Duck Typing
If it looks like a duck, swims like a duck, and quacks like a duck, then it probably is a duck.
Case Study
The function below reads the content of a file object and writes it to another one:
def copy_file(input, output):
data = input.read()
output.write(data)
Let’s create a (very small) binary file image.png on our hard drive
>>> with open("image.png", mode="bw") as image_file:
... image_file.write(b'\x89PNG\r\n\x1a\n\x00\x00\x00\rIHDR\x00\x00\x01\x00\x00\x00\x01\x00\x01\x03\x00\x00\x00f\xbc:%\x00\x00\x00\x03PLTE\xb5\xd0\xd0c\x04\x16\xea\x00\x00\x00\x1fIDATh\x81\xed\xc1\x01\r\x00\x00\x00\xc2\xa0\xf7Om\x0e7\xa0\x00\x00\x00\x00\x00\x00\x00\x00\xbe\r!\x00\x00\x01\x9a`\xe1\xd5\x00\x00\x00\x00IEND\xaeB`\x82')
...
Then let’s use copy_file to create a copy named image-copy.png.
>>> input = open("image.png", mode="br")
>>> output = open("image-copy.png", mode="bw")
>>> copy_file(input, output)
Everything goes as planned!

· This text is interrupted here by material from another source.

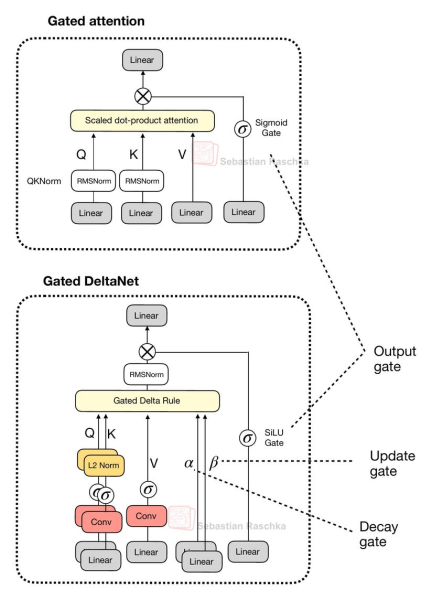Рисунок 8: Gated Attention в сравнении с Gated DeltaNet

However, we could have saved ourselves the creation of the
initial file and create an object similar to a file, but which stores its content in
memory rather than on our hard drive.
>>> import io
>>> buffer = io.BytesIO(b'\x89PNG\r\n\x1a\n\x00\x00\x00\rIHDR\x00\x00\x01\x00\x00\x00\x01\x00\x01\x03\x00\x00\x00f\xbc:%\x00\x00\x00\x03PLTE\xb5\xd0\xd0c\x04\x16\xea\x00\x00\x00\x1fIDATh\x81\xed\xc1\x01\r\x00\x00\x00\xc2\xa0\xf7Om\x0e7\xa0\x00\x00\x00\x00\x00\x00\x00\x00\xbe\r!\x00\x00\x01\x9a`\xe1\xd5\x00\x00\x00\x00IEND\xaeB`\x82')
>>> buffer.seek(0)
(The call buffer.seek(0) reposition the read/write cursor at the beginning of the file.)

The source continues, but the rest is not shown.